Urbano Bettencourt: escritor, professor, o homem das letras em entrevista ao Diário da Lagoa. Numa conversa descontraída fala-nos do seu percurso, da sua escrita, da cultura açoriana e da Língua Portuguesa, no ano em que se celebra os 500 anos de Camões

 Urbano Bettencourt nasceu em 1949 na ilha do Pico, mas vive há 40 anos em São Miguel © CLIFE BOTELHO/ DL

Convidamos Urbano Bettencourt a visitar o Diário da Lagoa e numa longa conversa descontraída, começa por contar que nasceu em 1949, “no extremo leste da ilha do Pico, do lado oposto à ilha do Faial, virado para São Jorge”, na freguesia da Piedade, Lajes do Pico, na zona do Calhau, junto ao mar.

Foi na Piedade que passou parte da sua infância, nos anos 50, em tempos que conta terem sido “de poucos bens” em que as pessoas “sobreviviam em função daquilo que iam produzindo” no cultivo das terras e do que o mar dava. O pai trabalhava na construção naval levando a família a decidir mudar-se para Santo Amaro.

Aos 11 anos, por intervenção do pároco, seguiu para o seminário em Ponta Delgada, na ilha de São Miguel, para prosseguir os estudos, onde ficou dois anos até ir para o seminário de Angra, na Terceira, onde esteve mais sete anos. Após os estudos foi para Setúbal numa “decisão pensada”. Em território continental trabalhou no escritório de um despachante alfandegário, mas em 1971 foi chamado a cumprir serviço militar em Mafra, depois em Évora com uma passagem por Tancos onde fez um curso de Minas e Armadilhas. Em julho de 1972 já “estava de malas feitas”, rumou à Guiné-Bissau onde esteve dois anos. No total, três anos de serviço militar obrigatório.

A Revolução dos Cravos ditou o fim da guerra, trouxe-o de volta ao Pico, por um par de meses, mas optou por se mudar novamente para território continental, desta vez para Lisboa, para “mudar de ares, trabalhar e estudar”, de 1974 a 81. Acaba, ainda, por regressar a Setúbal por mais três anos para exercer a docência.

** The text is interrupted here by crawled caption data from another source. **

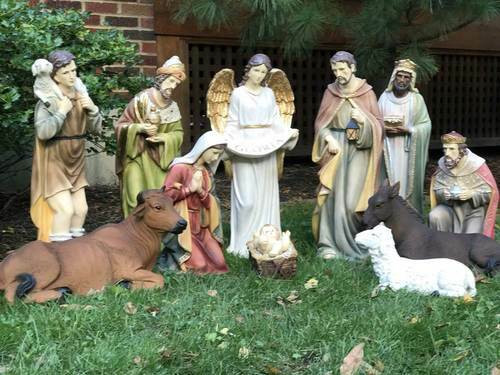 Made of fiberglass-resin construction
Hand painted
Average height is 27”
12-piece set includes the Holy family, a crib, three wise men, shepherd, angel, donkey, cow, and a sheep
Durable but stable of cover is recommended for outdoor use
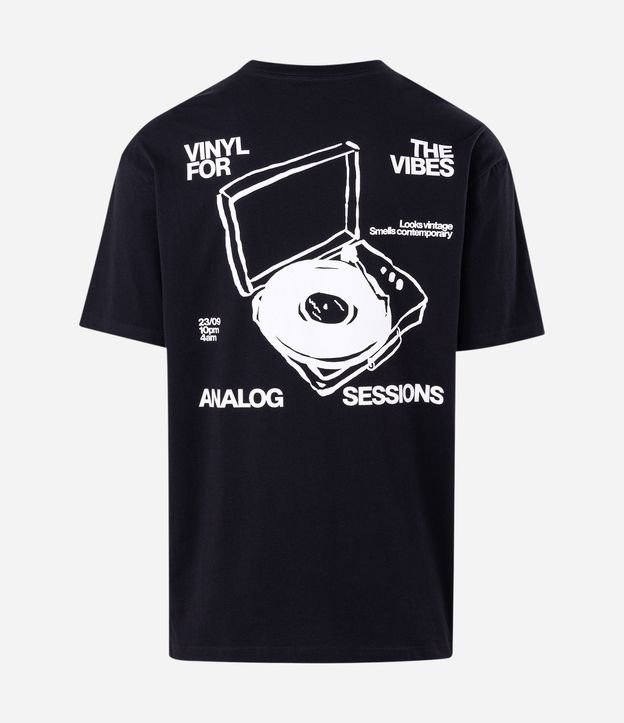 Remera Relaxed Manga Corta en Algodón con Estampado Toca-Discos Vinil 7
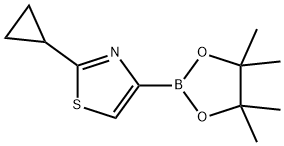 2-Cyclopropyl-thiazole-4-boronic acid pinacol ester,1283179-55-4,结构式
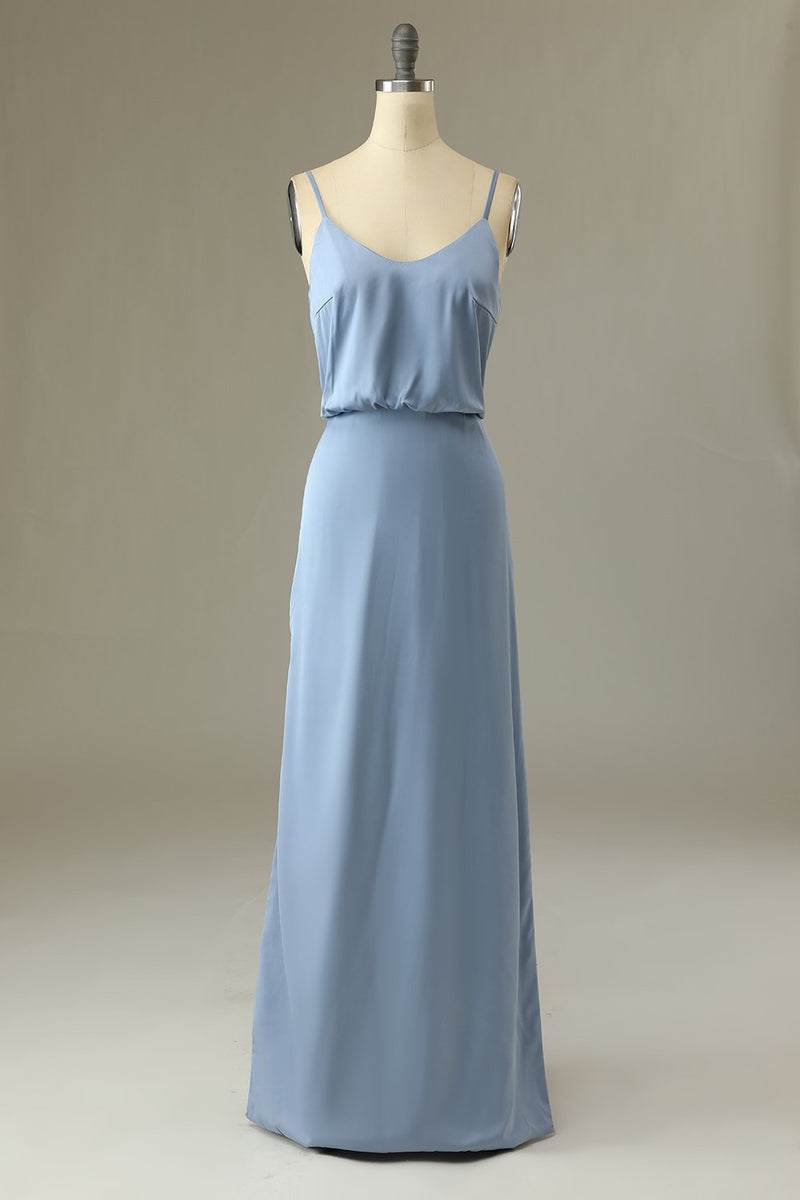 Load image into Gallery viewer, Spaghetti Straps Grey Blue Long Bridesmaid Dress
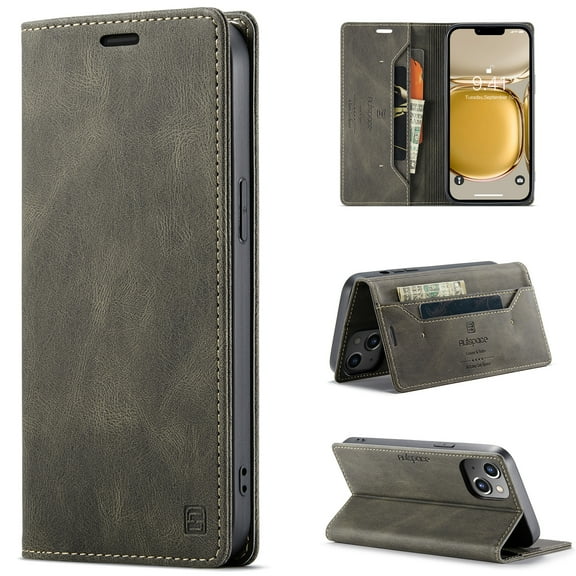 ELEHOLD for iPhone 14 Plus Wallet Case, Slim Luxury PU Leather Flip Cover RFID Blocking Card Slots Magnetic Closure Anti-Scratch Shockproof Case for iPhone 14 Plus 6.7 inch,Coffee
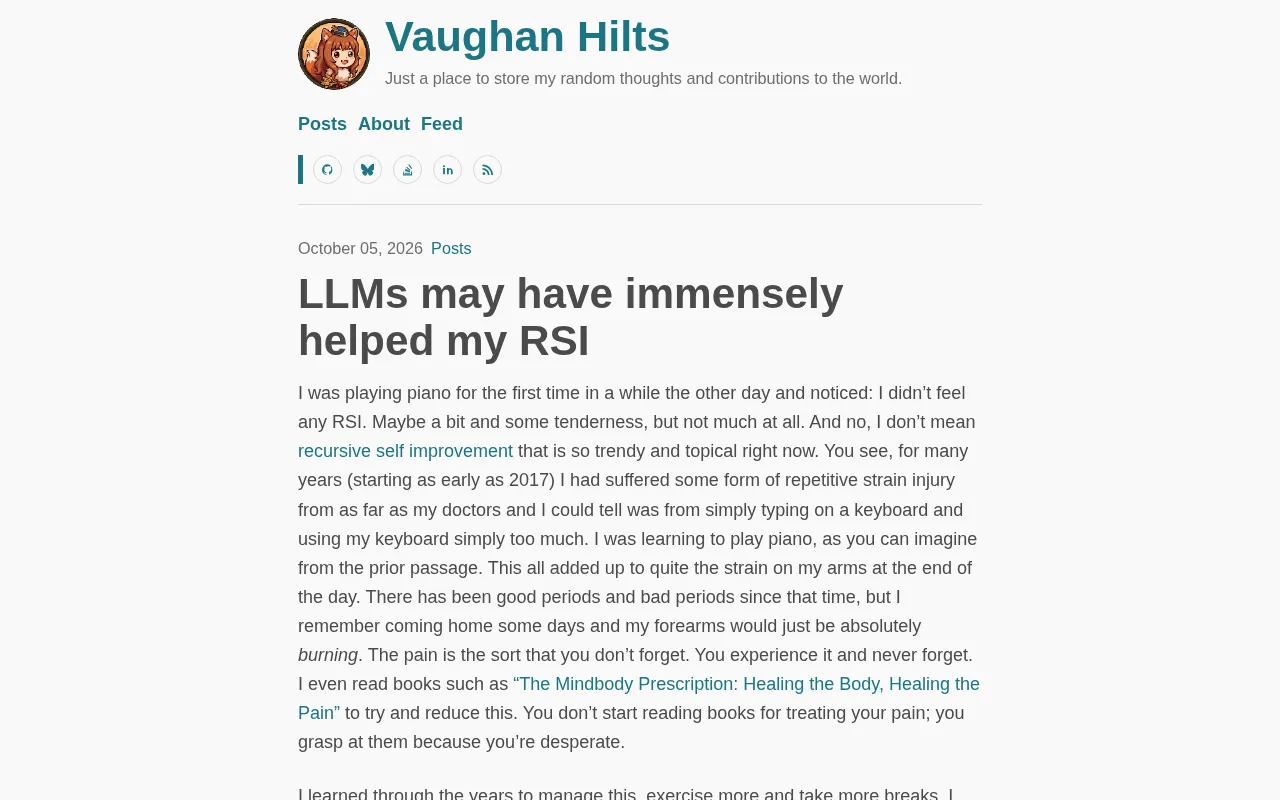 How LLMs May Help Relieve Programmer RSI: One Developer's Real-World Observation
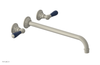 JAMESTOWN Wall Lavatory Set - 14" Spout - Lever Handle with "Navy Blue" Accents 165-12-14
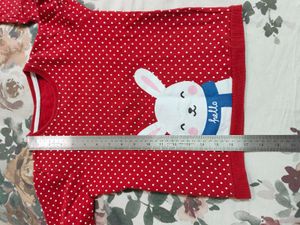 Sweatshirt Red Bunny Print Polka Dots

Em 1984, com a esposa e a primeira filha, Sara, decide regressar aos Açores, fixando-se em S. Miguel. Aqui, decorreu a parte substancial da sua atividade profissional (na Escola Secundária Antero de Quental e na Universidade dos Açores), aqui nasceu a sua segunda filha, Mariana.

Desde esse regresso, já se passaram 40 anos até esta entrevista em que nos fala do seu percurso, da sua escrita, da cultura açoriana e da Língua Portuguesa, no ano em que se celebra os 500 anos de Camões.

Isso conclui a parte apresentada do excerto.